This spring, the Fouts Center for the Visual Arts is the site of a new arts program bringing bilingual first-graders from Edison Elementary School in Walla Walla to Whitman's campus.
Created by Associate Professor of Art Nicole Pietrantoni, the program teaches first-graders how to make one-of-a-kind art prints while interacting with Whitman students from the First Generation/Working Class Club and Club Latinx.
The first art classes were held on April 12, with more scheduled for April 19.
During each 50-minute class, Pietrantoni shows the first-graders around the printmaking studio, followed by an inking and printing demonstration by the Whitman students. Then the children get their hands dirty as they play with a rainbow of acrylic paints, stencils and ribbons. Once the schoolchildren have created their masterpiece, the Whitties assist them in making the print.
Pietrantoni has previously led arts-based community-outreach projects including the Dia de los Muertos festival. Wanting to establish a new program that connects with the youngest members of the Walla Walla community, she contacted Victor Vergara, director of bilingual programs and Latino outreach at Walla Walla Public Schools.
"He's a real big advocate of the arts, and he was really excited by the idea of offering more art opportunities for kids and giving them the experience just being on the college's campus," she said.
Vergara suggested that the program not only give the first-graders an opportunity to create art, but also the experience of being around college students - and possibly spark the idea that they, too, can attend college.
"A lot of students at Edison are potentially the first in their families to go to college," Pietrantoni said. "Dr. Vergara really wanted for there to be college students who look like them in the classroom. That's how those the clubs got involved."
Pietrantoni is an advisor to students in the First Generation/Working Class Club. She enlisted their help and that of Club Latinx to assist with the printmaking.
"I told all the volunteer students that your goal is to be a supportive, caring adult who can serve as a mentor for the day," she said.

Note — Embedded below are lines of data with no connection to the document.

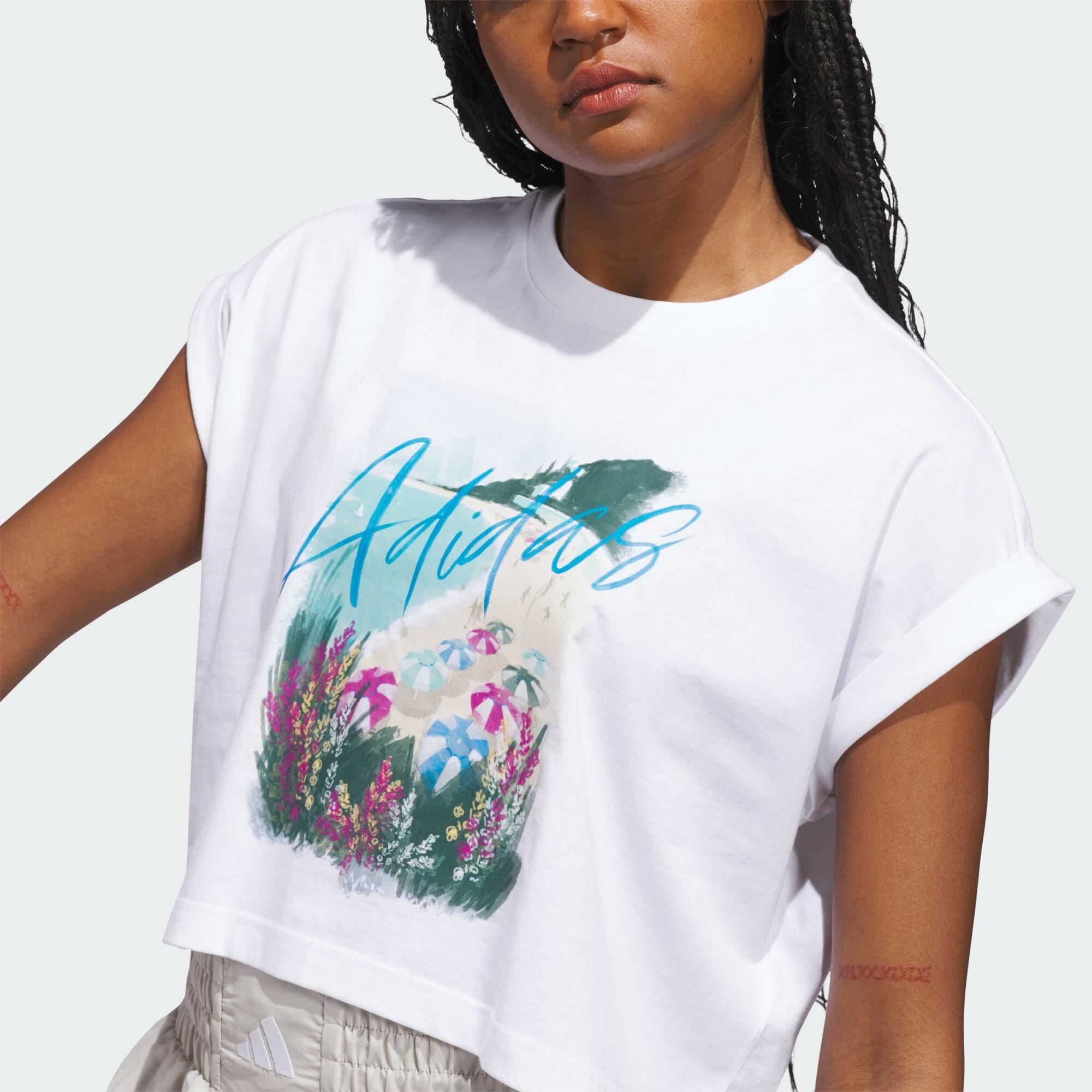 T-SHIRT SUMMER ROMANCE GRAPHIC 5/7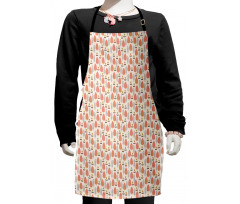 Botanical Floral Items Kids Apron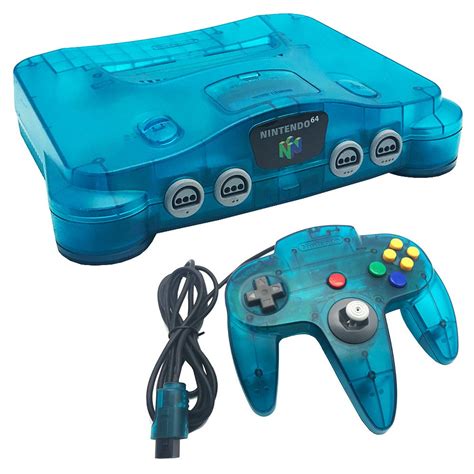 Máy Nintendo 64 Aqua Blue Xanh Ngọc Hàng Full Box Shopmaygamecom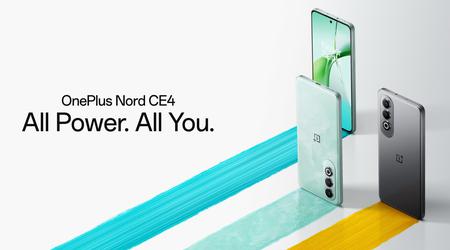 OnePlus Nord CE 4: Pantalla AMOLED de 120 Hz, chip Snapdragon 7 Gen 3, batería de 5.500 mAh con carga de 100 W, Android 14 y una cámara triple de 50 MP.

Pietrantoni would like to see the program beomce part of the school's curriculum and boost the children's creativity, as well as create an avenue for the communities of Walla Walla and Whitman to come together.
"I think it's really important that we go out into the community," Pietrantoni said. "We have so many resources at Whitman and we have to do more to share those and let the community know there isn't a bubble, that it can be permeated. We can flow both ways."